Te wszystkie informacje zebrane w jednym miejscu dają dokładne i szczegółowe statystyki. Możemy je prześledzić w formie okresowych raportów i wygodnych wykresów. Stąd już prosta droga do wyciągania wniosków i odnajdywania zmian w zachowaniu zwierzaka. Możliwe jest śledzenie trendów i porównywanie ich z poprzednimi okresami życia, a nawet wytycznymi lub normami względem konkretnej rasy. To fajne odniesienie, mogące pokazać nam czy piesek jest dobrze odżywiany, czy nie przekarmiany, czy nie waży za dużo, czy nie rusza się za mało itp. Przy okazji to pomocne kompendium wiedzy dla opiekuna (jeśli do tej pory nie interesował się takimi informacjami).

Samo zbieranie danych może być rozpoznawane w aplikacji (tam podajemy rasę i konkrety na temat naszego psa). Program będzie nam przekazywał wieści lub przypuszczenia na temat specyficznych dla piesków chorób. Przykładowo, możliwe jest nawet wskazanie zapalenia stawów, dysplazji stawów biodrowych (kilka konkretnych ras ma z tym problemy), choroby serca lub płuc, a przy okazji zmierzyć niepokój. To całkiem konkretne wsparcie dla właściciela. Naturalnie, będzie to bardziej pomocne weterynarzowi, niż nam samym, ale dzięki raportom możemy przesłać je internetowo specjaliście lub pokazać przy wizycie kontrolnej.

Dane napływające na smartfon są dużo przydatniejsze, gdy zostały zebrane na przestrzeni dłuższego okresu. Wtedy możemy prześledzić zmiany i unormować przeciętne wyniki. Te krótkookresowe też będą jednak przydatne. Znając rasę, apka będzie rekomendowała i sugerowała pewne zadania, jak np. dłuższy spacer, bieg itp., dzięki czemu zadbamy odpowiednio o zdrowie i kondycję zwierza. Część piesków nie powinna zbytnio narażać kręgosłupa, część musi wybiegać dzienne normy. Generalnie interfejs aplikacji przypomina nieco programy typu fitness, gdzie śledzimy własne dane – tutaj jednak dotyczą one czworonoga. Podobnie jak w przypadku ludzkiego fitness odpowiednika, możliwe jest wytyczanie celów i osiągnięć do realizacji – co mam motywować (raczej nas do dłuższych spacerów).

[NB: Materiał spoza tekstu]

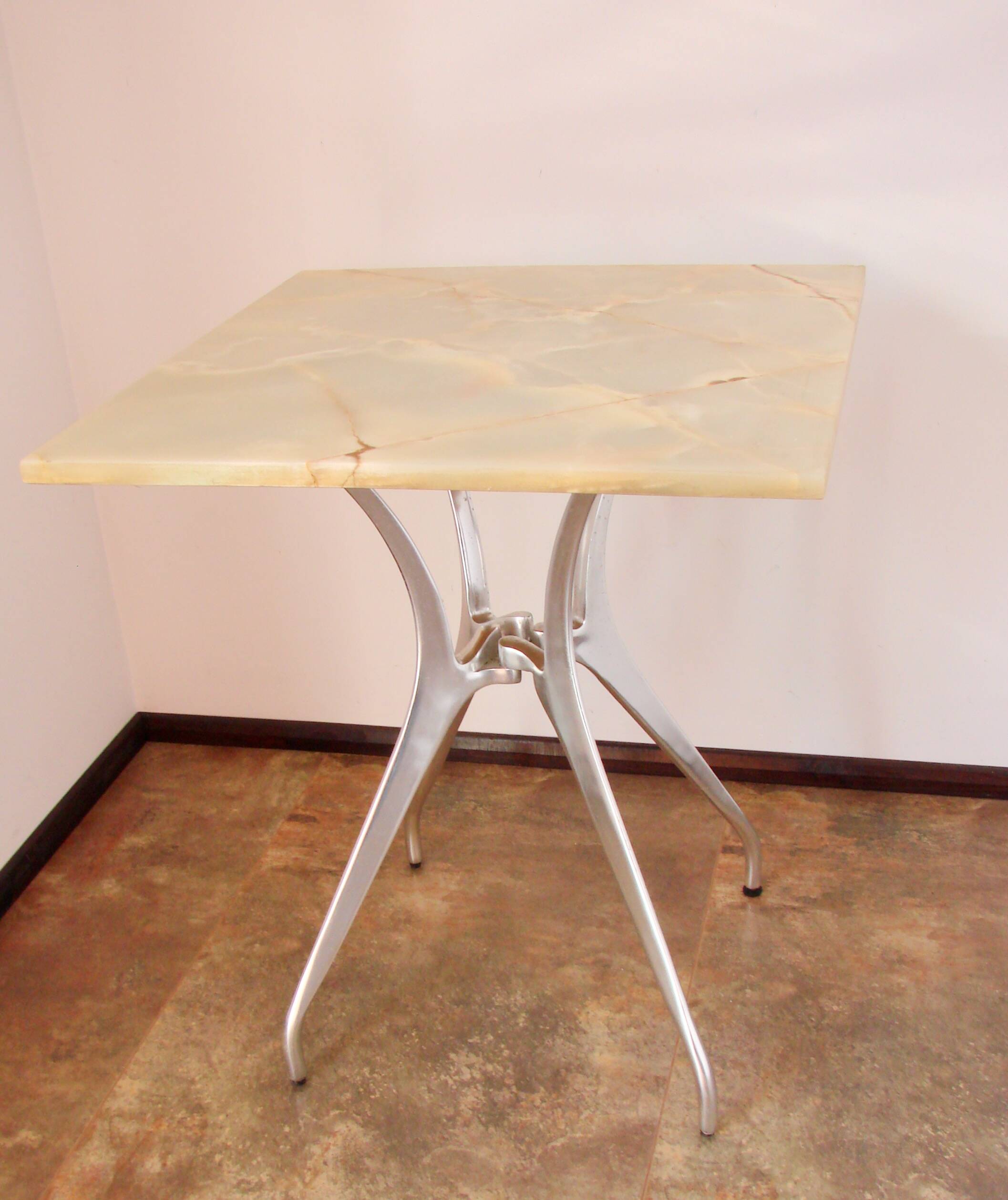 Modernist stone table from the 1970s – aluminum, vintage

Obroża jest regulowana, więc powinna pasować na większość psów (obwód od 30 do aż 81 cm). Waży tylkjo 170 gramów. Oczywiście jest odporna na warunki atmosferyczne (certyfikat IP67). Znalazły się na niej przyciski (sync) i diody LED. Oprócz czujników biometrycznych jest też trzyosiowy akcelerometr do mierzenia zmian w ruchu. Bateryjka ma wystarczy na około tydzień pracy na jednym ładowaniu. Doładowujemy już przez złącze microUSB, tylko ciekawe co z okresem zasilania, kiedy pies nie zbiera informacji (a chcemy przecież analizować je przez cały dzień). Najwygodniej jest otrzymywać dane na smartfon, ale mogą one pojawiać się również na PC.

Niestety nie wszystkie sugestie od wirtualnego weterynarza otrzymamy w cenie gadżetu. Potrzebna jest miesięczna subskrypcja w wysokości 15 dolarów. Można się obyć bez niej. Sama obroża z aplikacją to wydatek na poziomie niecałych 300 dolarów. Szkoda, że nie ma usługi lokalizacji i jakiegoś modułu GPS.